I guess the idea that first comes to mind is to sort the list. And then take the sorted list and find the median.. of course without using any build-in median command from python. To do this manually, it's probably about looking at the length of the list, and then finding out what the position is for the median... or doing an average if there are two middle numbers. OK let's try that and see where this problem goes.


In [12]:
t_list = [2, 1, 5, 7, 2, 0, 5]

# a small note on the difference between list.sort() and sorted( list )
print(sorted(t_list)) # returns an iterable list
print(t_list) # so you can see that t_list is not changed

[0, 1, 2, 2, 5, 5, 7]
[2, 1, 5, 7, 2, 0, 5]


In [14]:
# list.sort() doesn't return an iterable list, it changes the list
t_list = [2, 1, 5, 7, 2, 0, 5]

print(t_list)
print(t_list.sort()) # returns None
print(t_list) 

[2, 1, 5, 7, 2, 0, 5]
None
[0, 1, 2, 2, 5, 5, 7]


In [33]:
# OK let's find the median of this ... odd length list
t_list = [2, 1, 5, 7, 2, 0, 5]

# odd numbered list... so len(t_list) is 7 ... and we are looking for index position

index_median = len(t_list)/2 - 0.5 # small little hack bc i can't remember the round-down idea
index_median = int(index_median) 
median = sorted(t_list)[index_median]
print(median) 

2


In [47]:
# Let's look at the median of an even numbered list... should be straightforward 
t_list_even = [2,1,5,6] # the median here is (2+5)/2 = 3.5

index_median = len(t_list_even)/2 -1 # this gets us to 4/2 - 1 = index position 1 
index_median = int(index_median) 
median = (sorted(t_list_even)[index_median] + sorted(t_list_even)[index_median + 1])/2 
print(median) 

3.5


In [49]:
# Great, now combine the two ways .. 
# it probably makes sense to re-write this and have numeric_list already be sorted somewhere... 

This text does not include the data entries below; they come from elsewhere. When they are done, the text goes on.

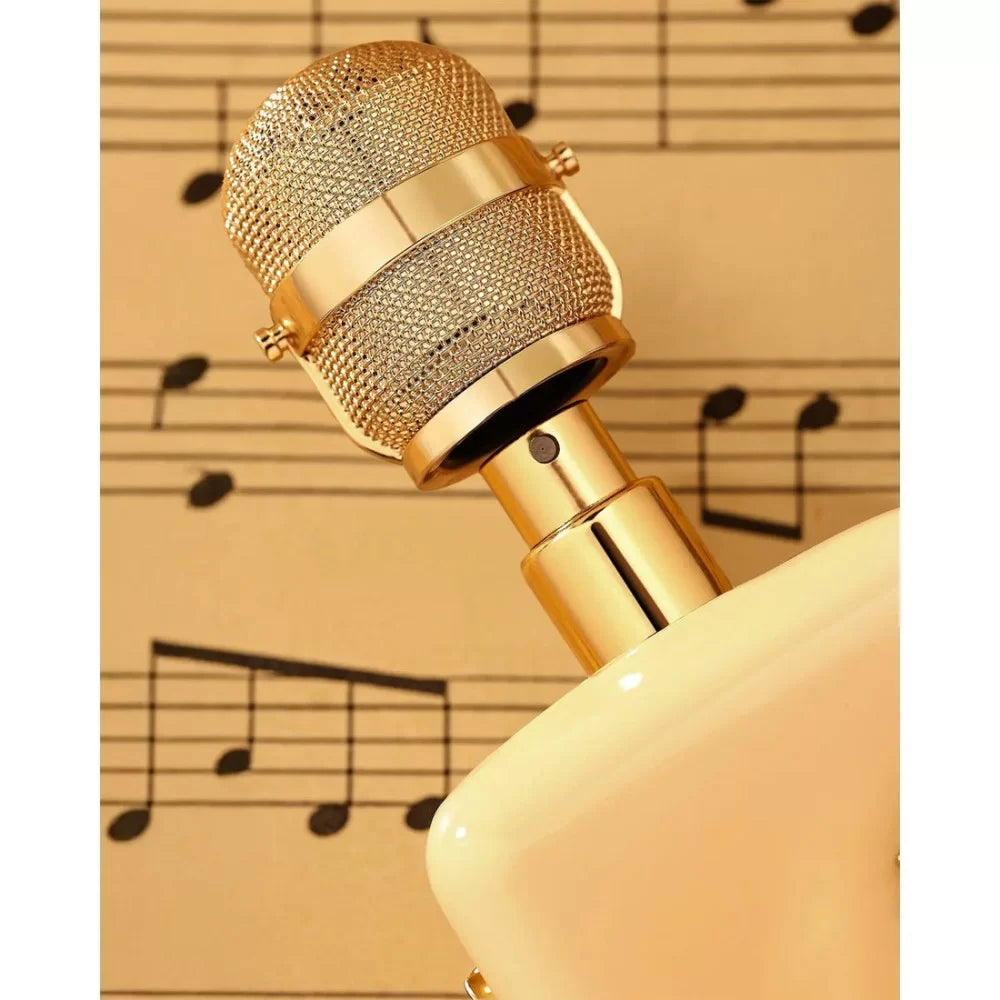 Notes Jazz Fragrance World  Edp 100Ml Unisex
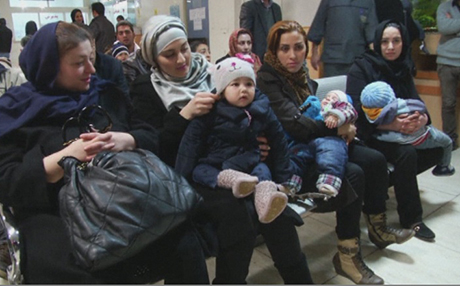 ئێران.. زەمینەسازی دەکرێت بۆ زیادکردنی ژمارەی دانیشتووان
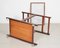 Mid-Century Modern Tea Cart, Brazil, 1960s 7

def running_median(numeric_list):
    
    if len(numeric_list) % 2 == 0: # then this is even
        index_median = int(len(numeric_list)/2 - 1)
        median = (sorted(numeric_list)[index_median] + sorted(numeric_list)[index_median + 1])/2 
        return median 
    elif len(numeric_list) % 2 == 1: # then this is odd
        index_median = int(len(numeric_list)/2 - 0.5)
        median = sorted(numeric_list)[index_median] 
        return median 
    else: "wasn't expecting that" 


In [53]:
running_median([2,1,5,6]) # should return 3.5
running_median([2, 1, 5, 7, 2, 0, 5]) # should return 2 
running_median([5]) # should return 5

5

### Now that we've finished the simple version, now we need to figure out how to return this through a list.. and deliver sequential results as it works its way through the list


In [110]:
def running_median_hard(hard_list): 
    '''
    - the ordered_list[: run_index] is the trickiest part of running_median_hard
    - remember that if you have [1,8,9] then [1,8,9][: 2] => [1,8]
    '''
    ordered_list = sorted(hard_list)
    run_index = 0 # needed?
    
    for i in range(len(ordered_list)):
        run_index = i + 1
        mini_call = ordered_list[: run_index]
        median = running_median(mini_call) 
        print(str(median) + " ... on list " + str(mini_call)) 
        

In [111]:
running_median_hard([15,1,8,9]) # the median here is (8+9)/2 = 17/2 = 8.5

1 ... on list [1]
4.5 ... on list [1, 8]
8 ... on list [1, 8, 9]
8.5 ... on list [1, 8, 9, 15]


### Let's use heaps in order to get this done as well (alternative solution) 
When we encounter a new element from the stream, we'll first add it to one of our heaps: the max-heap if the element is smaller than the median, or the mind-heap if it's bigger. We can make the max-heap the default heap if they're equal or if there are no elements... 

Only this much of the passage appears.